Thanks as always for the review.

Ayal Zaks <ayal.z...@gmail.com> writes:
>> Richard Sandiford <richard.sandif...@linaro.org> wrote on 30/08/2011
>> 03:29:26 PM:
>>
>> > From: Richard Sandiford <richard.sandif...@linaro.org>
>> > To: gcc-patches@gcc.gnu.org
>> > Cc: Ayal Zaks/Haifa/IBM@IBMIL
>> > Date: 30/08/2011 03:29 PM
>> > Subject: [4/4] Make SMS schedule register moves
>> >
>> > This is the move-scheduling patch itself.  It should be fairly
>> > self-explanatory.  Let me know if it isn't, and I'll try to improve
>> > the commentary.
>>
>> >
>> > One potentially controversial change is to the way we handle moves
>> > in the prologue and epilogue.  The current code uses a conservative
>
>
>  - conservative>>accurate? (Your approach seems to be more "conservative")

They're both conservative (and yeah, mine is more conservative :-)).
What I was trying to say is that the current code already generates
more moves than necessary.  If ddg node N is "R = foo", the current code
generates enough moves to handle definitions of R from both the prologue
copies of N _and_ the incoming edge (i.e. the value defined outside the
loop, such as an accumulator being initialised to zero).  But the code
doesn't check whether this initial definition actually exists.  If it
doesn't -- because we're dealing with an intra-loop dependency --
we generate one more move than necessary.

If we wanted to be accurate, we'd need to check whether there's
an incoming value or not.

The current code is also conservative in that the epilogue can end up
with sequences like:

    R1 = foo
    R2 = R1 (from a move)
    ... no set of R1, because we've done with that stage...
    R3 = ...R2...

where the last instruction could use R1 directly instead.
But none of this matters because later passes (including IRA)
fix it up nicely.

So this was all just a big excuse on my part along the lines of
"we already rely on this stuff being cleaned up, and it is,
so let's keep things simple".

>> > check to decide which stages need which moves.  This check copes
>> > with values that are live before the loop, and emits some moves
>> > that aren't actually needed.  The code also emits chains of moves
>> > that can be trivially optimised through propagation.  We rely on
>> > later patches to clean this up for us (and they do).
>> >
>> > So, rather than keep a rather complicated check here, I've simply
>> > emitted the moves for all stages.  In principle, that will generate
>> > a little more dead code than now in cases where chains of two moves
>> > are needed, but that seems to be very rare (when moves are scheduled).
>
> indeed, it's better to simplify code generation and rely on subsequent
> cleanups.
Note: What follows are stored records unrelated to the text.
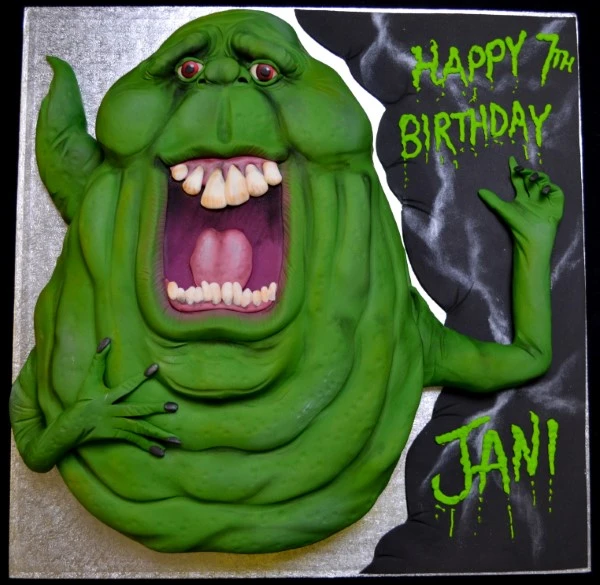 Bespoke Ghostbusters Slimer cake with green slime design for celebration in Solihull, West Midlands.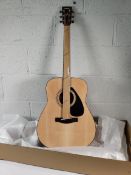 An as new Yamaha F310 NT acoustic guitar.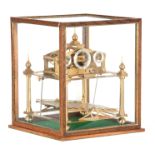 A 20TH CENTURY CONGREVE ROLLING BALL CLOCK having a triangular pediment supported on four tapering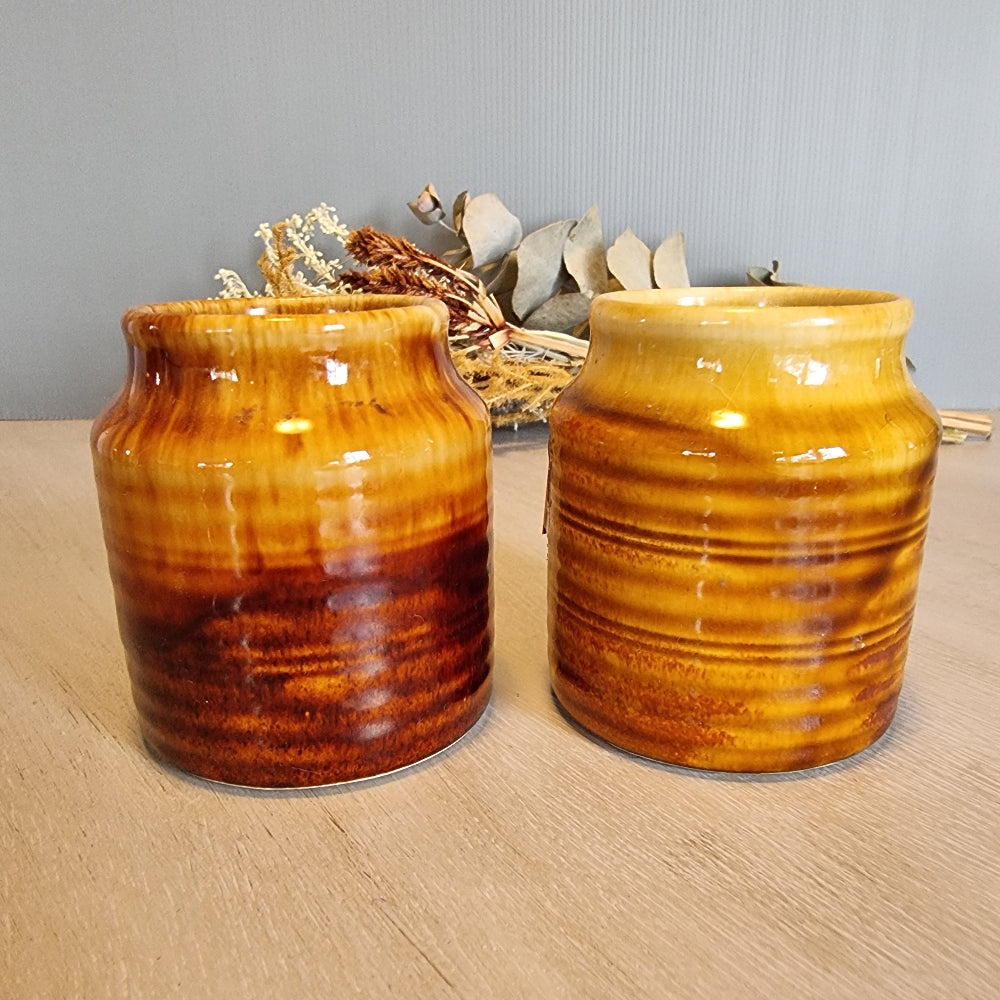 Pair of Crown Lynn drip glaze jars in golden brown tones.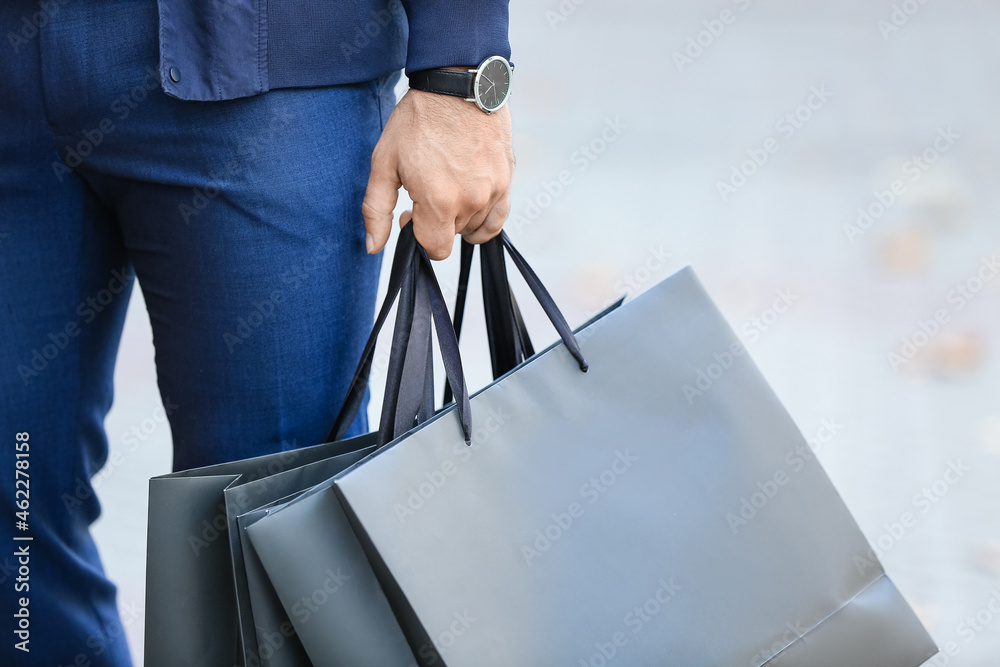 Young man with shopping bags on city street, closeup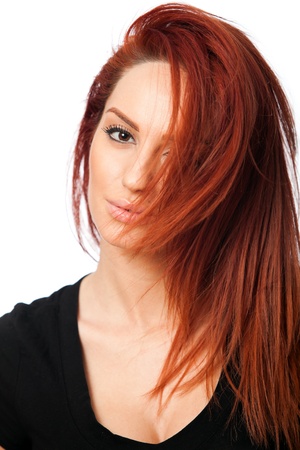 portrait of a beautiful young red head woman, on white backgroundの写真素材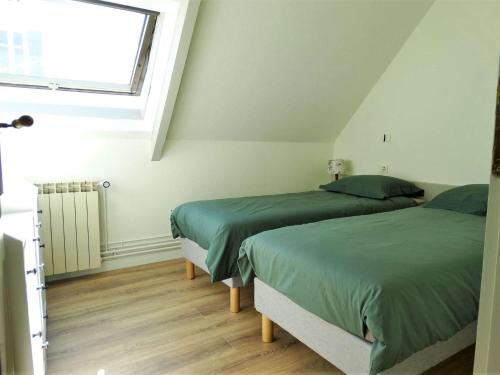 two twin beds in a room with a window at Le Mistral Saint Gilles Croix de Vie in Les Bussolleries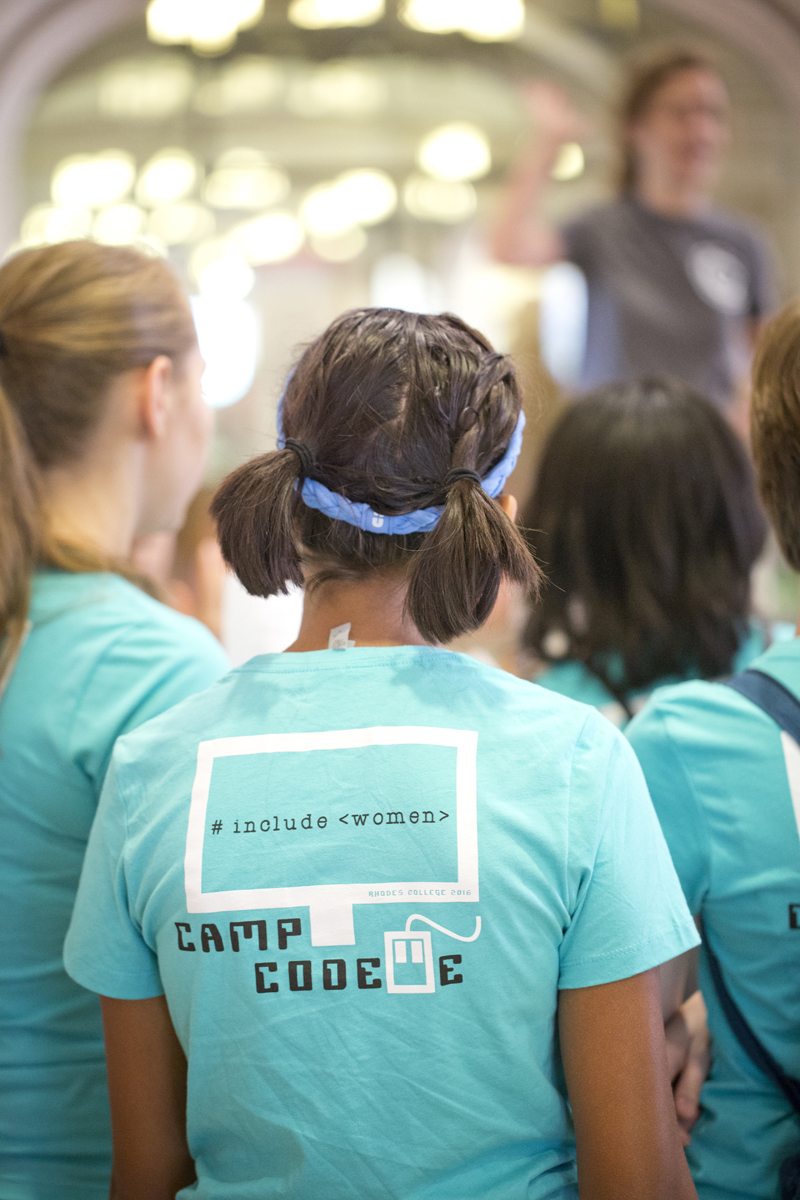 A group of girls, seen from behind, wearing light blue Camp Codette shirts.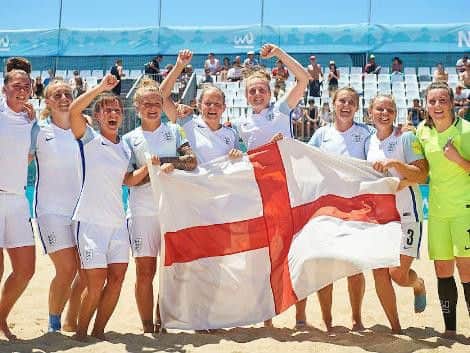England's beach soccer team celebrate after winning the Euro competition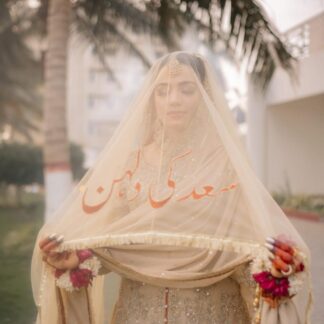 Nikkah Mubarak Dupatta in sheer ivory fabric with Urdu embroidery and elegant gold border for a Pakistani Muslim bride.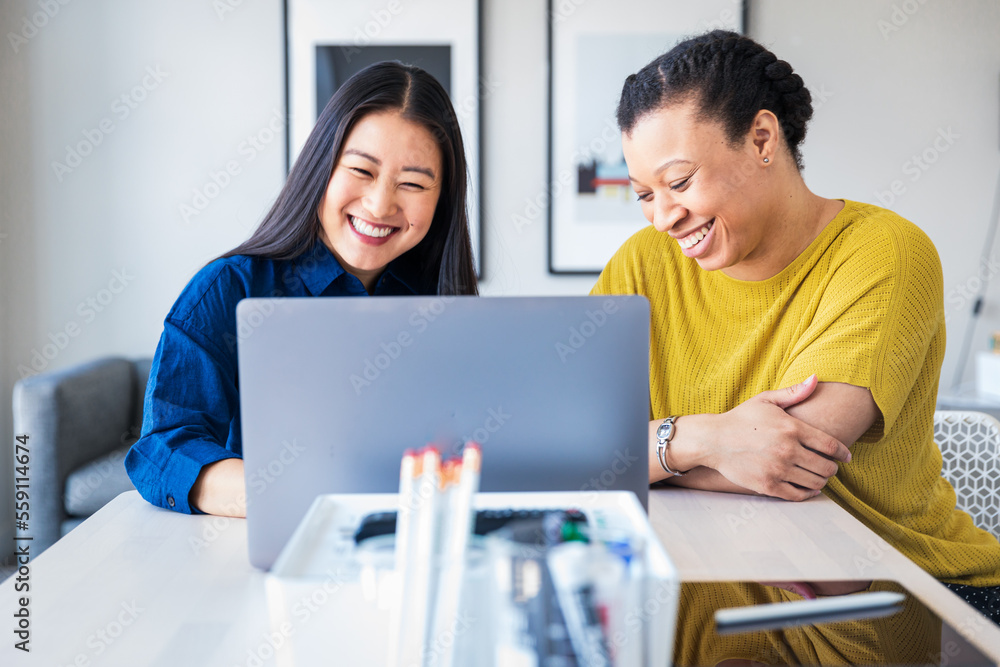 Smiling female coworkers discussing over laptop at table in office Smiling female coworkers discussing over laptop at table in office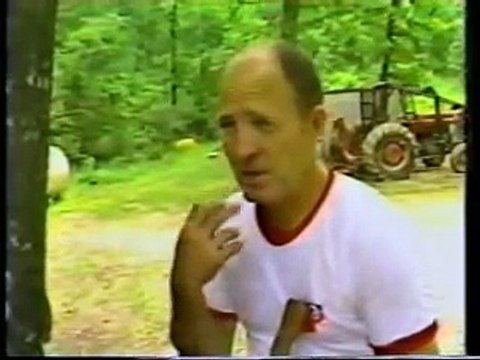 Tom Clark splitting wood using Buster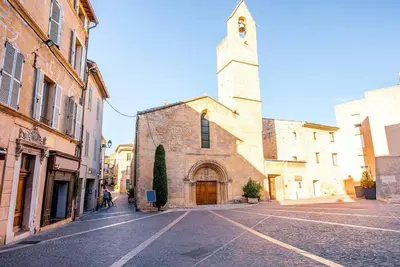 an old stone church with a steeple on a street at La Suite TAMAN au centre de Salon in Salon-de-Provence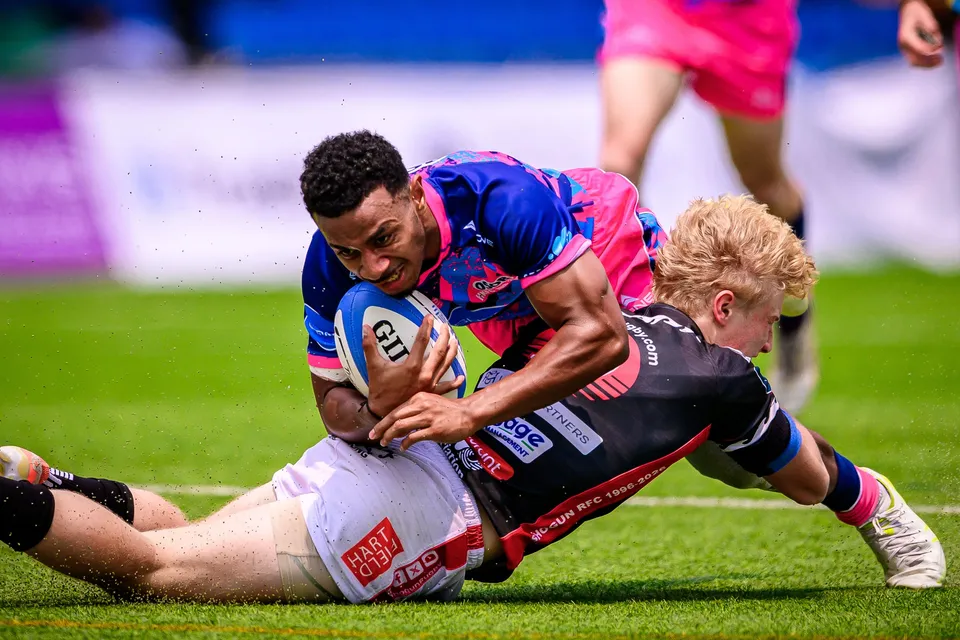 OSOB player stretches the ball out as a blond RGH Shogun defender in black drags him down onto the grass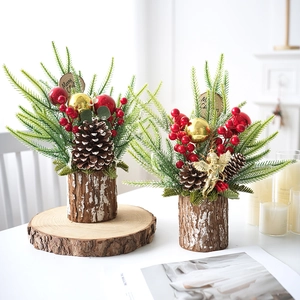 Two-piece Christmas miniature tree set with red berries and pine cones on wood base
Not sure about generating more (dead?) code in principle;
> could you elaborate, for the record?

Sorry, I wasn't very clear, but what I meant was: the patch generates
every move regardless of the stage, so it will in principle generate more
moves to unused registers than we do now.  (As above, we already generate
some such moves.)  Thoese insns will be dead, and will be later removed
as dead.  But in practice, the number of extra instructions seems to be
very low, and is usually zero.

>> >    * modulo-sched.c (extend_node_sched_params): New function.
>> >    (print_node_sched_params): Print the stage.
>> >    (set_columns_for_row, schedule_reg_move): New functions.
>> >    (set_columns_for_ps): Move up file and use set_columns_for_now.
>
>
> typo: now>>row (unless you intend this to be temporary ;-)

Doh! :-)

>> >    (schedule_reg_moves): Call extend_node_sched_params and
>> >    schedule_reg_move.  Extend size of uses bitmap.  Return false
>> >    if a move could not be scheduled.
>> >    (apply_reg_moves): Don't emit moves here.
>> >    (permute_partial_schedule): Handle register moves.
>> >    (duplicate_insns_of_cycles): Remove for_prolog.  Always emit moves.
>
>
> Always emit all moves

Oops, fixed.

>> +/* Try to schedule the move with ps_insn identifier I_REG_MOVE in PS.
>> +   The source of the move is provided by I_MUST_FOLLOW, which has
>> +   already been scheduled.
>
> The source y of an x=y move is defined by the previous iteration of
> the next move y=z (or by the original y=... move->def). We schedule
> moves one after the other bottom-up, starting from the original
> move->def moving backwards in cycles. This way, the instruction
> I_MUST_FOLLOW defining y is always already scheduled when we come to
> schedule the dependent I_REG_MOVE x=y move.

Right.

>> +  /* The cyclic lifetime of move->new_reg starts and ends at move->def
>> +     (the instruction that defines move->old_reg).
>
> So instruction I_REG_MOVE (new_reg=reg) must be scheduled before the
> next I_MUST_FOLLOW move/original-def (due to anti-dependence: it
> overwrites reg), but after the previous instance of I_MUST_FOLLOW (due
> to true dependence; i.e. account for latency also). Why do moves,
> except for the one closest to move->def (which is directly dependent
> upon it, i.e. for whom move->def == I_MUST_FOLLOW), have to worry
> about move->def at all? (Or have their cyclic lifetimes start and end
> there?)

Because the uses of new_reg belong to the same move->def based cycle.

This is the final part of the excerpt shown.